“Shut Eye” on Hulu
Hulu’s dark and occasionally dirty family crime drama “Shut Eye” follows closely the path laid out by such cable classics as “The Sopranos” and “Breaking Bad.” But it finds a clever new milieu in which to set things: the sketchy, sunlit LA world of storefront psychics.
Our antihero here is Charlie Haverford (Jeffrey Donovan from USA’s “Burn Notice”). Charlie is a former Las Vegas magician who moved to Los Angeles with his single-minded wife (KaDee Strickland from “Private Practice”) and his two kids and found work as a psychic reader, gently scamming gullible clients with tarot readings and “curse” removals. Shortly after arriving in town, however, he ran afoul of the local psychic Mafia. Seems the entire West Coast psychic trade is controlled by actual gypsies, led by the violent Fonzo (Angus Sampson from season 2 of “Fargo”) and his more seductive but no less vicious mother (screen legend Isabella Rossellini). Play by the rules, hand over a cut of the money you make, and you’ll get by just fine. Fail to obey and bad things could happen. Godfather kind of bad.
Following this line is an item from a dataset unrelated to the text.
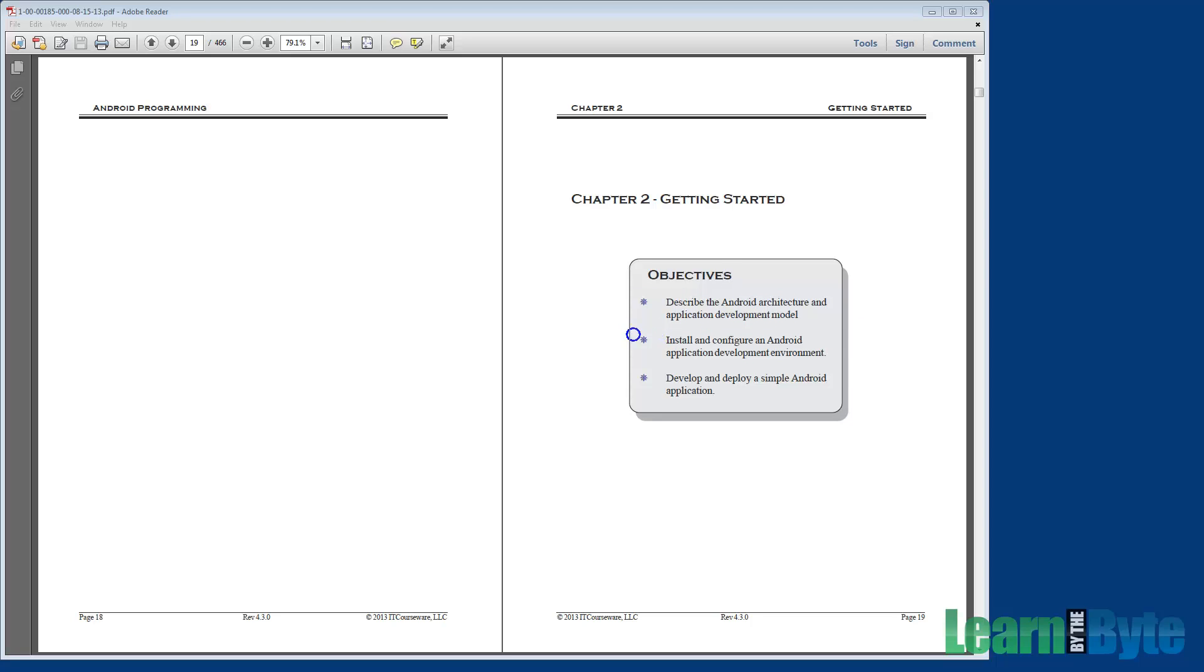By the end of the chapter, you should be able to install and configure an Android application development environment. You already installed the Android Developer Tools bundle as part of the setup for this course. But in this chapter, we'll talk about what was installed in more detail.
Given the prominence of the setting, it should be noted that “Shut Eye” teeters on the edge of casual racism. The word “gypsy” is bandied about quite frequently here. It’s a term that has fallen out of favor and is generally considered a racial epithet to anyone of actual Romani heritage—except, of course, in the psychic realm. There, people who claim ethnic origins in the northern regions of the Indian subcontinent round about a thousand years ago—whether through actual genetics or just wishful thinking—are at a premium. Most Romani are embarrassed by the stereotype of the gypsy fortune teller. But it’s hard to deny that such stereotypes exist. “Shut Eye” draws a quick distinction between Anglo con men like Charlie and actual Romani, who occupy the “upper management” positions of this criminal empire. I’ll leave it up to real-life Roma to figure out if the show upsets them. But if Italians weathered “The Sopranos,” I suppose the Roma can deal with this.
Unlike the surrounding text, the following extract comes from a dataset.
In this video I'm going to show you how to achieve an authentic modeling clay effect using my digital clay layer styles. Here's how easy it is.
Ethnic quibbles aside, the show is fast-paced and extremely well-cast. As the pilot comes to an end, the narrative starts to tilt in an interesting direction. In the wake of an unfortunate concussion (administered by an unhappy client) and an untimely hypnotic suggestion (delivered by a desperate wannabe psychic played by Emmanuelle Chriqui from “Entourage”), Charlie finds himself in fleeting command of what might be snatches of actual psychic insight. This sudden burst of power inspires him to rebel against his nasty bosses and take his ambitious wife’s suggestion of going after a million-dollar mark (Mel Harris from “Thirtysomething”). Of course, all of this (plus a few other developing subplots) hints at the fact that things are going to go very badly for Charlie and his family—precognitive powers or not.
I’m not sure if “psychic noir” is a category, but I predict a solid future for “Shut Eye.” It’s sexy, tense, darkly comic and filled with just enough unexpected twists to keep those of us without ESP guessing.